2 Curate Your Success Stories
Now that you know what skills and qualities they’ll be asking about, start thinking through your work history and brainstorming which experiences will best illustrate what they want.
So when you’re asked, “Do you work well under pressure?” you won’t just say “yes”—you’ll also recount the story of your company’s product launch from hell and describe how you managed to stay calm, come up with a successful plan B for your team, and crank out quality copy at the last minute.
Outline each success story, then practice telling them to a friend (ideally in thirty seconds or less per story).
3 Prep Answers for These Common General Questions
Make sure each success story you provide not only answers the question, but demonstrates the skills and qualities the company is looking for.
“What is your biggest strength?”
“What is your greatest weakness?”
“How are you with time management?”
“Why are you leaving your current position?”
“Why do you want to join our company?”
“Why should we hire you?”
4 Prep Answers for These Common Behavioral Questions
“Tell me about a time you took initiative or stepped into a leadership role.”
“…a time you had to deal with conflict at work.”
“…a situation where you used problem solving.”
“…a time you collaborated on a team project.”
“…a time you went beyond your job description.”
“Tell me about your proudest professional accomplishment.”
5 Get In the Zone
- Avoid brain fog by getting a good night’s sleep.
- Ditch the jammies and dress in business casual (it’s all about mindset!).
- Call a friend so you can warm up your vocal chords and get in phone mode.
- Remove any distractions (TVs off, pets absent, kids occupied).
- Be ready five to ten minutes in advance so you won’t feel rushed.

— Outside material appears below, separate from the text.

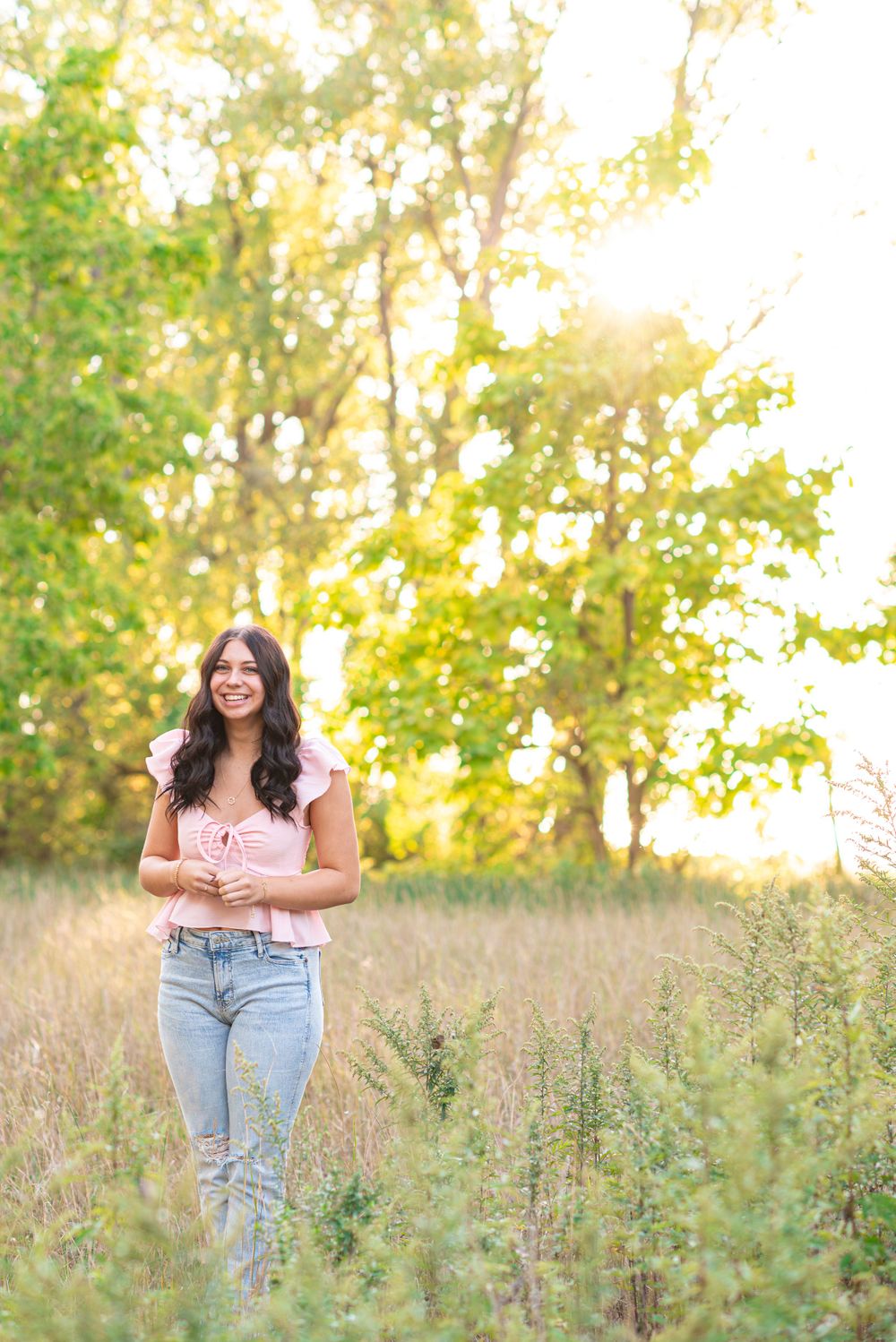 Senior photos standing in a field at Headlands Beach State Park in Mentor, Ohio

- Have a glass of water handy.
- Have a copy of your resume.
- Have a cheat sheet of the qualities they’re looking for and your success stories.
- Have a pen and paper available to take notes.
- Remember to breathe, listen, and smile.
6 Ask Questions
At some point, the interviewer will ask if you have any questions. Having zero could be taken as a red flag, so plan out four to five relevant questions, such as:
“What will be the training process for this position?”
“Can you tell me more about the team I would be working with?”
“What opportunities would I have for advancement within the company?”
“What are the next steps in the interview process?”
These questions communicate that you’re serious about the position and you want to confirm whether the company’s a good fit for you.
7 Send a Thank You Note
Practice courtesy and professionalism. Within twenty-four hours, follow up with the interviewer by sending a thank you note via email.
Thank them for the opportunity to interview, express your continued interest, and reiterate how you would be a great fit for the position.